Les prix du litre d'essence ont grimpé à travers le pays mercredi, jusqu'à 1,20 $ par endroits, alors que le coût du pétrole atteignait des niveaux records sur les marchés internationaux.
De l'avis de Nelson Wiseman, un politologue de l'Université de Toronto, la hausse des prix, si elle se poursuit, pourrait avoir des répercussions considérables sur les résultats d'un scrutin fédéral. Ce serait une mauvaise nouvelle pour les conservateurs minoritaires, parce que traditionnellement, les électeurs canadiens qui veulent exprimer leur frustration devant l'augmentation des prix des produits de base s'en prennent au parti au pouvoir.

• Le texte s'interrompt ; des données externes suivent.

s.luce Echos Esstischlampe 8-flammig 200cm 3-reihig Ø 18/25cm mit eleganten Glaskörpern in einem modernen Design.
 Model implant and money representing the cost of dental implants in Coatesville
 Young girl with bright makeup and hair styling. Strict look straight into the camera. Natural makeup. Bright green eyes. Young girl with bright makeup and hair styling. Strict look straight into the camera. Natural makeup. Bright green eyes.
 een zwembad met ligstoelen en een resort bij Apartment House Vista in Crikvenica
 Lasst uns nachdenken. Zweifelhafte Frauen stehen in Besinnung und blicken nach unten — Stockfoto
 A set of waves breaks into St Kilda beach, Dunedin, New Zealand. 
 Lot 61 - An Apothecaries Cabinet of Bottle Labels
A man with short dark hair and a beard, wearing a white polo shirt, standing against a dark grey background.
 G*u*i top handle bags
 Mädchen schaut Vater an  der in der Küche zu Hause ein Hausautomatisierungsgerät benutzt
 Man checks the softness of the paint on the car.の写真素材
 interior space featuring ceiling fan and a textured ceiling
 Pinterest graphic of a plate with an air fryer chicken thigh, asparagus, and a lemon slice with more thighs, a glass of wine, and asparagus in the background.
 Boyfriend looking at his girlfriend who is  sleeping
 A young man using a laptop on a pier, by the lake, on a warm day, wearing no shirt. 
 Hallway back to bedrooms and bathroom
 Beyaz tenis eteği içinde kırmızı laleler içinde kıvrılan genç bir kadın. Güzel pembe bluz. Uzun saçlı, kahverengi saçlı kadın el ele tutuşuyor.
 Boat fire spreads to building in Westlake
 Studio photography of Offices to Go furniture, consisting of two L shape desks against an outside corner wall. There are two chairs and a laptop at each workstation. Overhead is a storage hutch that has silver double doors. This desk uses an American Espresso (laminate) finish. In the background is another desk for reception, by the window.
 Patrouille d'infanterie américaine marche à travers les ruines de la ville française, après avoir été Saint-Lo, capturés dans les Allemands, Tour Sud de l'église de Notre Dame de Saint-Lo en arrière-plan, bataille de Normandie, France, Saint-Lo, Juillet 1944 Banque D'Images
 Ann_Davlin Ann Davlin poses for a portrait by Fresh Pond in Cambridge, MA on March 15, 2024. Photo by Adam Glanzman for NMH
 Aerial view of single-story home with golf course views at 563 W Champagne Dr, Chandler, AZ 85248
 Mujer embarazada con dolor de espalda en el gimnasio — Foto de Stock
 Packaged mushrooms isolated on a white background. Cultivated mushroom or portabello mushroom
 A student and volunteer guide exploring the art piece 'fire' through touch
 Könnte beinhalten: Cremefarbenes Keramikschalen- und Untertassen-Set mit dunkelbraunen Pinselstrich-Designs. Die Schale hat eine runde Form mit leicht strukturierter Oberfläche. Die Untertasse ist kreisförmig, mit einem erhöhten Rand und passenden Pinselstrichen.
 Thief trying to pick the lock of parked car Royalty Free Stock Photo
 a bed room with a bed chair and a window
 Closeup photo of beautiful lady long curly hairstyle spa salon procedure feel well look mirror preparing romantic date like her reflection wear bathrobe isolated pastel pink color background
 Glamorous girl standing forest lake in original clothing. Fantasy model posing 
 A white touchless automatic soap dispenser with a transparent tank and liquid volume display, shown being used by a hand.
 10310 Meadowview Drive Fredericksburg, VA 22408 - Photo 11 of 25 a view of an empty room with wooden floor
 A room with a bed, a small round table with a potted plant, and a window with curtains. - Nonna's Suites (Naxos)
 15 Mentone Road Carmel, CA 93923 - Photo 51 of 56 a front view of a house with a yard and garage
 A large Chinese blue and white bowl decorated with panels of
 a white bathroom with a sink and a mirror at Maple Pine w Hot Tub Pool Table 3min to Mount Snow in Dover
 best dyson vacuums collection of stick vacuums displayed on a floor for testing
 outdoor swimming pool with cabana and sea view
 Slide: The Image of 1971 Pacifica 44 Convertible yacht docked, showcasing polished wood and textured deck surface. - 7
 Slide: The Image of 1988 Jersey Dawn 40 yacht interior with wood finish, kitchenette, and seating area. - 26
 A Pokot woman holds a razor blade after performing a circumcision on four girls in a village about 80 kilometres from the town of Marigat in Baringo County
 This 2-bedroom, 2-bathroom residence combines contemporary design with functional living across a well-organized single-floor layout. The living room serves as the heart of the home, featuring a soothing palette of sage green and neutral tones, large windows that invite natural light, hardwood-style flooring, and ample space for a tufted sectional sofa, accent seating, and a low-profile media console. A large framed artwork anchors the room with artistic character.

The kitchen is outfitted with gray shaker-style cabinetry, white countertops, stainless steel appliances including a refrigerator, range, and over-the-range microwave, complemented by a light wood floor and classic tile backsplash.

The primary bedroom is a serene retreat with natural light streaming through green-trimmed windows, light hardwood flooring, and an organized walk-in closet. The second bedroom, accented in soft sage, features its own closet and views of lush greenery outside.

Le ministre des Finances, Jim Flaherty, soutient que le gouvernement ne peut pas faire grand chose à propos des prix de l'essence, qui dépendent selon lui de la conjoncture du marché.
Mais le député libéral Dan McTeague avance que ce sont les spéculateurs, et non le marché libre, qui contrôlent actuellement les prix.
Pour sa part le porte-parole du Nouveau Parti démocratique pour les finances, Thomas Mulcair, prédit que l'exploitation des consommateurs d'essence constituera un enjeu électoral, tout comme les prix des services de téléphonie cellulaire et des services bancaires.